• MATERIAL PROVIDED:

────────

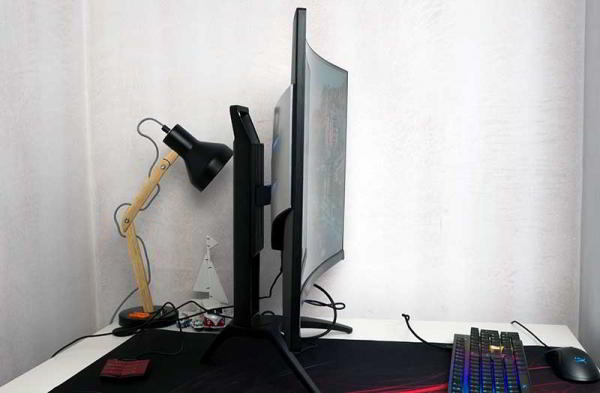 Обзор AOC AGON AG322QC4 игрового монитора со всем нужным Обзор AOC AGON AG322QC4 игрового монитора со всем нужным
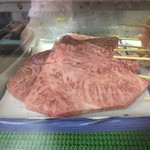 成田家 - 冷蔵ケース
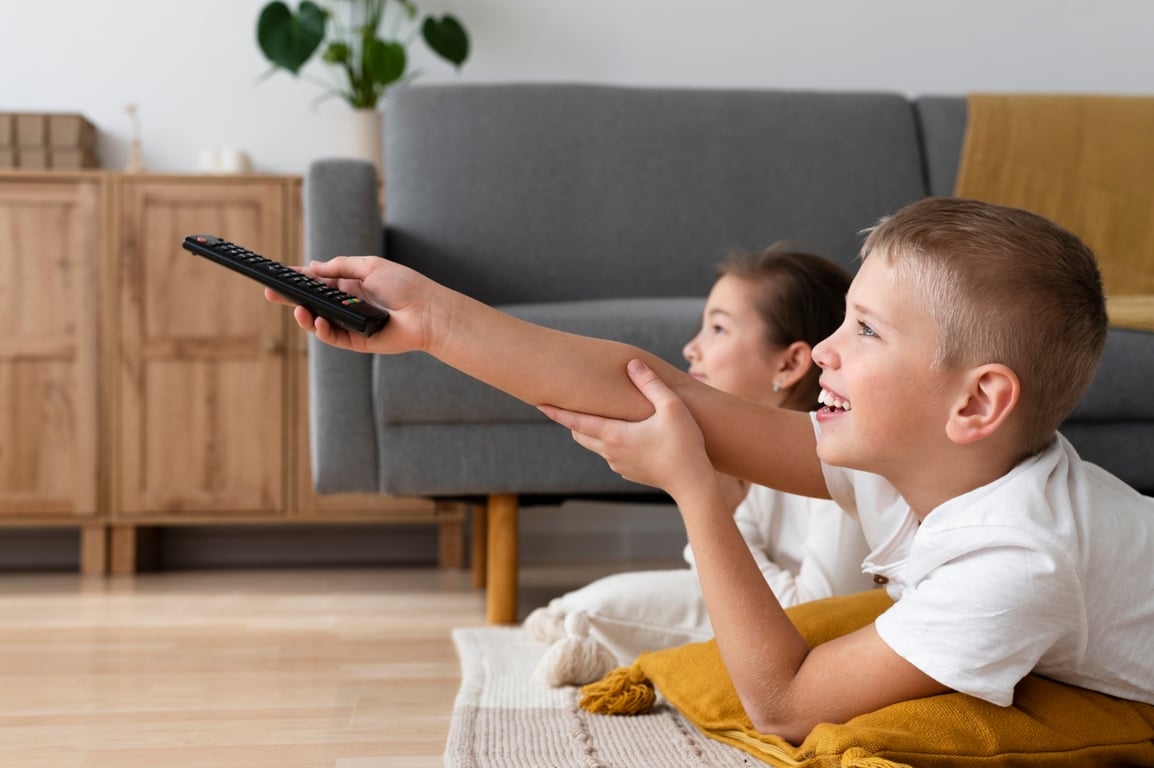 V Česku začala vysílat nová televize. Je zdarma a lidé si ji hned zamilovali ve velkém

────────

• WHAT TO WORK ON: Where an image appears in the data, skip it, and return the rest verbatim.

• EXPECTED ANSWER:
 Обзор AOC AGON AG322QC4 игрового монитора со всем нужным Обзор AOC AGON AG322QC4 игрового монитора со всем нужным
 成田家 - 冷蔵ケース
 V Česku začala vysílat nová televize. Je zdarma a lidé si ji hned zamilovali ve velkém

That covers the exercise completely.